Zones, and why mine were wrong
May 20, 2026
For two years I trained off heart-rate zones a Garmin watch calculated from 220 minus my age. The watch put my Zone 2 ceiling at 152 bpm. I rode and ran below that ceiling, called it aerobic, and waited to get faster. I got slightly faster. Not at the rate the volume should have produced.
The problem was that 220 minus age is a population-average estimator with a standard deviation of roughly ±10 bpm. My actual max HR, measured on a hill repeat session with a chest strap to exhaustion, is 198. The watch had me at 200, close enough. But the formula it used to derive zones from that max underestimated my lactate threshold by 14 bpm.

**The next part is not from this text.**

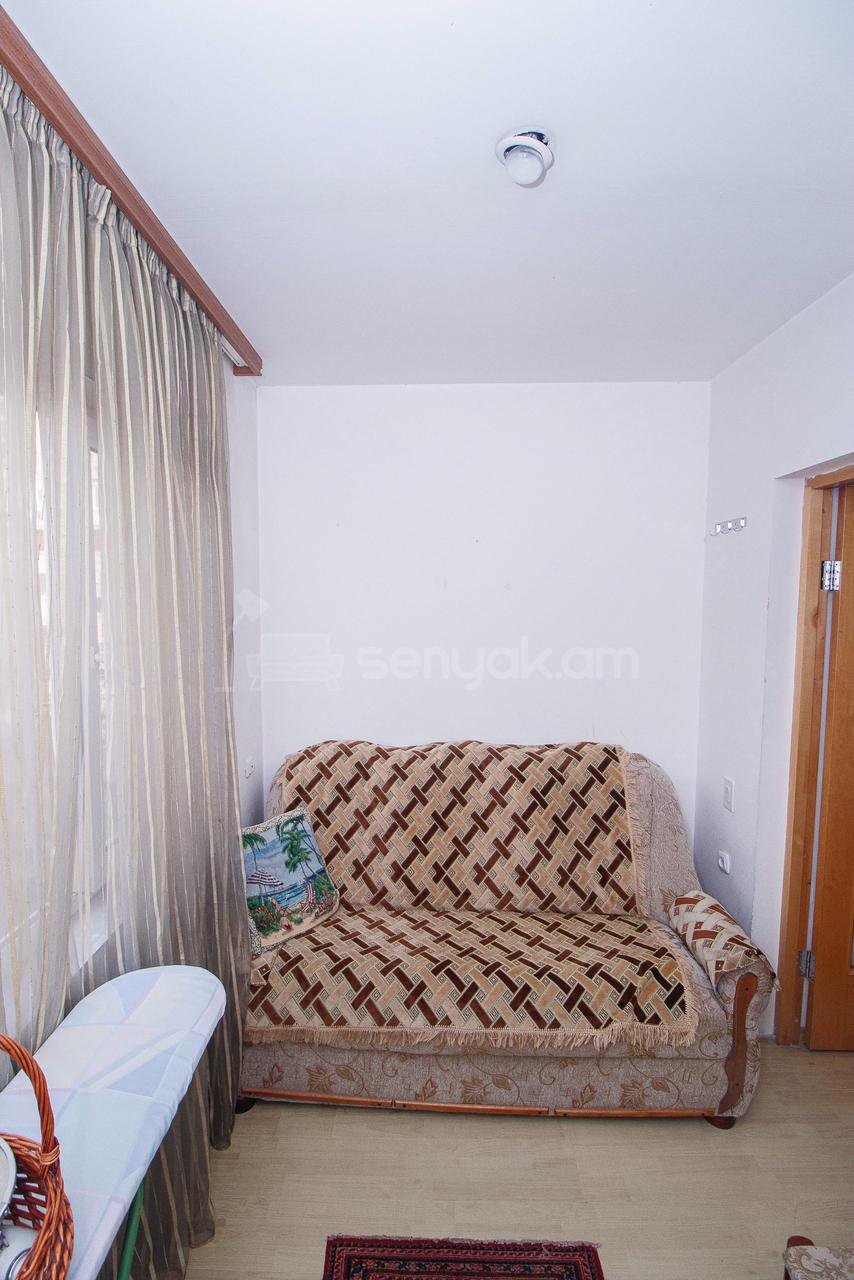 2 Սենյականոց Բնակարան Քարե Շենքում, 65քմ, 3/4 հարկ, Կապիտալ Վերանորոգված, Կահավորված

The right way to set zones is a field test. I used the simplest one: a 30-minute time trial on a flat course, all-out, with HR averaged over the last 20 minutes. That number is a reasonable proxy for lactate threshold HR (LTHR). Mine came back at 178. Aerobic threshold sits roughly 30 bpm below that. So my true Z2 ceiling is 148, not 152, and the top of Z2 isn’t a soft cap — it’s where lactate starts to rise out of steady state. Four bpm matters more than it sounds, because the curve isn’t linear near threshold.

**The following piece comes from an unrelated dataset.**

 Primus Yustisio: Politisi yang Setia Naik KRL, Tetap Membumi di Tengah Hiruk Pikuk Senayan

I retested on the bike separately. Cycling LTHR was 168, ten bpm below running, which is the expected gap (smaller muscle mass recruited at the same cardiac output). Running LTHR of 178, bike LTHR of 168, swim I don’t bother with HR for because the dive reflex makes it noisy.
Now I train in five zones derived from those two numbers:
| Zone | Bike HR | Run HR | Purpose |
|---|---|---|---|
| Z1 | <134 | <142 | Recovery |
| Z2 | 134-150 | 142-160 | Aerobic base |
| Z3 | 151-160 | 161-170 | Tempo |
| Z4 | 161-170 | 171-180 | Threshold |
| Z5 | >170 | >180 | VO2 max |
The 80/20 polarized prescription says 80% of weekly training time below Z2 ceiling, 20% above Z4 floor, almost nothing in Z3. Z3 is the trap. It feels productive, fatigues you like threshold work, and produces the adaptations of neither. I now spend more time genuinely easy than I would have predicted I could tolerate, and the hard days are harder.
Retest every eight weeks. Fitness shifts the curve.